Estas características permitem dizer que os serviços da SOTER têm uma inegável inspiração e um compromisso de fé cristã, expresso na declaração inicial em termos de "refletir a experiência da fé das pessoas e da comunidade eclesial, à luz dos apelos da realidade em face à Palavra de Deus e à Tradição, sistematizando-a e explicitando-a na plenitude de todas as suas dimensões, na fidelidade à Tradição Bíblica e ao Magistério." Mas deve-se dizer também que a SOTER está marcada por uma consciência de cidadania, pela qual é levada a buscar formas autônomas de levar sua contribuição às Igrejas e à Sociedade.

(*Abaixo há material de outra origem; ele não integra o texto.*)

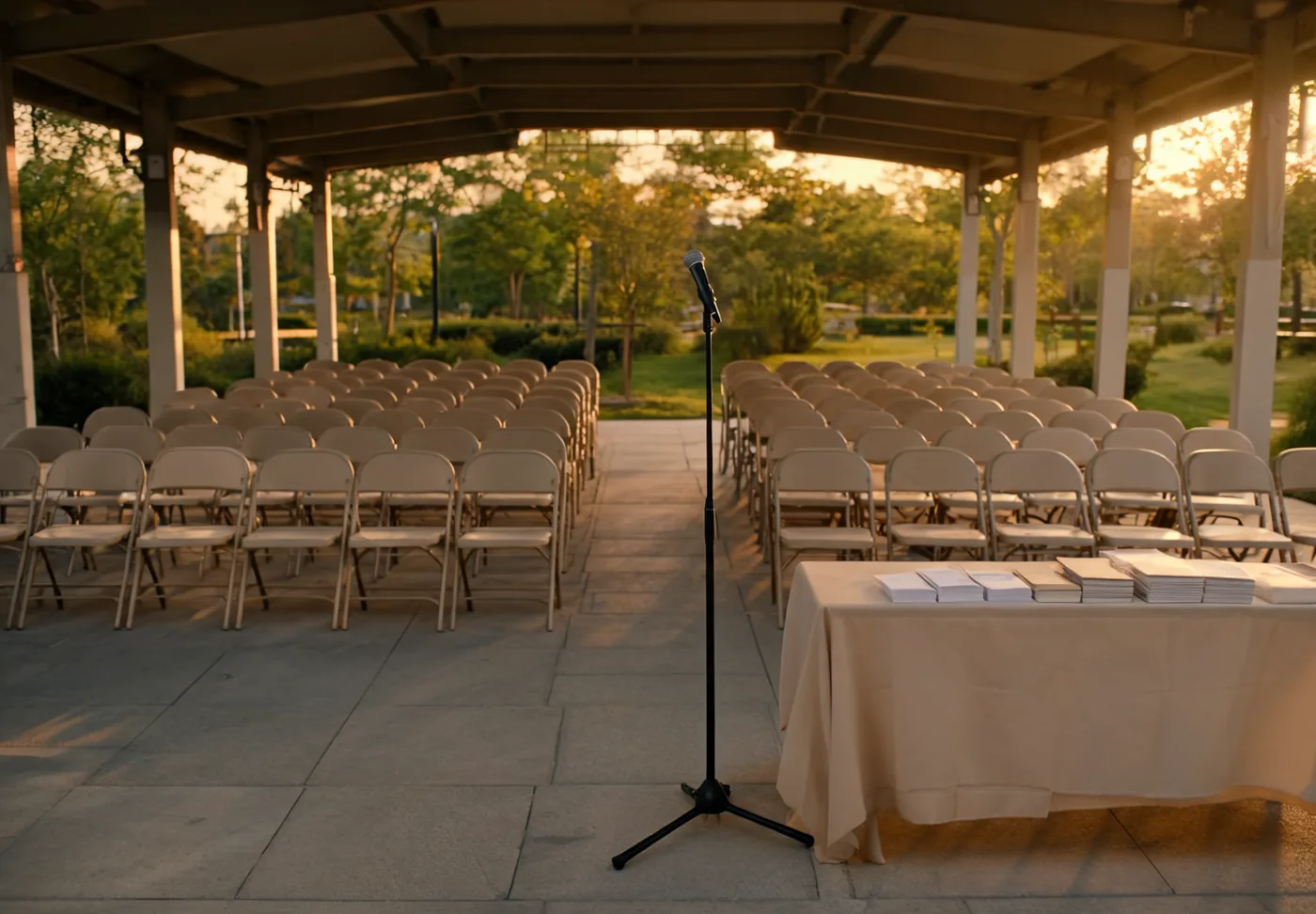 Community awareness event setup with chairs and resource materials.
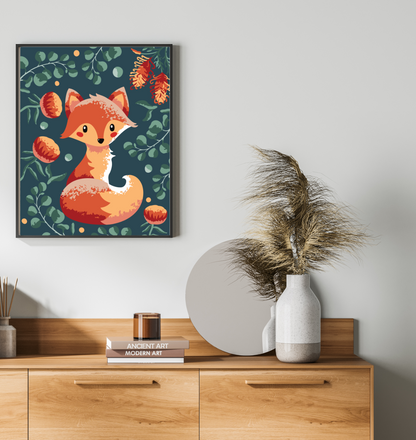 40x50cm Paint by Numbers Kit: Fox's Haven: Cute Fox with Leafy Background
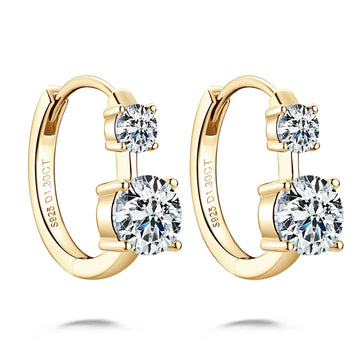 2.6ct double stone moissanite huggie hoop earrings D VVS1 yellow gold plated - Sensitive Stones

Os termos de fundação concluem dizendo: "Dentro desse contexto histórico, social, cultural e eclesial, inspirados na experiência do que tem constituído a originalidade e a fecundidade eclesial da elaboração teológica no Brasil e na América Latina e atentos às novas tarefas que surgem como desafios urgentes para os anos vindouros, decidimos criar a Sociedade de Teologia e Ciências da Religião (...)".